5: More importantly than getting a census of the world, I want to know what it's like to live there. The 5e Eberron book did this magnificently, to the point where I consider it the best incarnation of the setting so far. Things like rolling to see how a random village has been scarred by the war, or to see what sort of intrigue or zany scheme my gnome character is tangled up in are more useful to setting the tone of a place than pages of dry statistics. I like how the Wildemount book included adventure hooks for each location. And in another setting book I read, I really liked how they provided generic types of characters that you might meet in a certain location--characters like "Ill-Mannered Old Money", "Braggart Mercenary", "Worldly Priest". And so on.

6: Make non-humans feel non-human. This is a bit of a pet peeve of mine--dwarves and elves should not feel mundane. They should be getting different reactions from a human and have some way that they don't quite think or act like humans do.

7: No metaplot.
 

Aldarc

Legend
Are you talking about Planescape? Because this sounds much like Planescape.
Amazing world, but offers nothing to have adventures in it.
Honestly I was foremost thinking of a non-D&D setting - Tekumel: Empire of the Petal Throne - but I can see how Planescape could apply.
 

Shiroiken

Legend
The primary thing a setting book needs is to explain the style of the world, which helps players and DMs decide if it's what they're looking for. It also helps differentiate it between similar settings (Greyhawk as sword & sorcery, Realms as heroic fantasy, Dragonlance as epic fantasy) and to promote any unique twist (Dark Sun's defiling, Eberron's steampunk, Ravnica's megacity). WotC current setup seems good, balancing character options, DM options, and lore, and while I personally I prefer more DM content and lore than character options, that doesn't sell books.

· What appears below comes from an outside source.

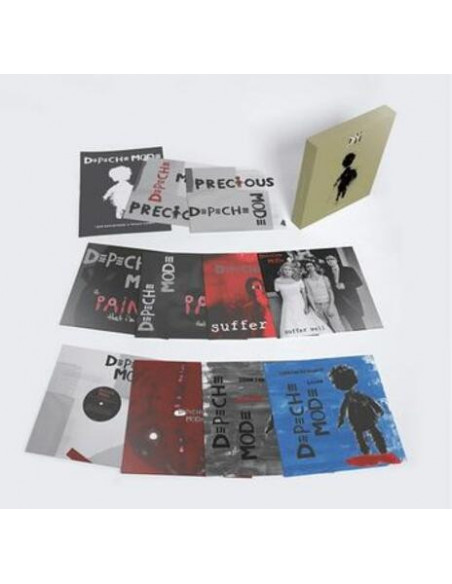 Depeche Mode - Playing The Angel (The 12p Singles)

The book needs to strike a balance between utility and inspiration. The Living Greyhawk Gazetteer is a wonderfully detailed encyclopedia of the Greyhawk setting... that reads exactly like an encyclopedia. Conversely, the original boxed set was filled with all kinds of inspiration for the DM, but was lacking in a lot of detail. It's presumed that the latter was done on purpose to allow DMs to fill in as they see fit, but this isn't useful to a lot of DMs. An overly detailed world, as the Realms had become by the end of 3E, also limits the DM in how much leeway they have in making adventures and locations.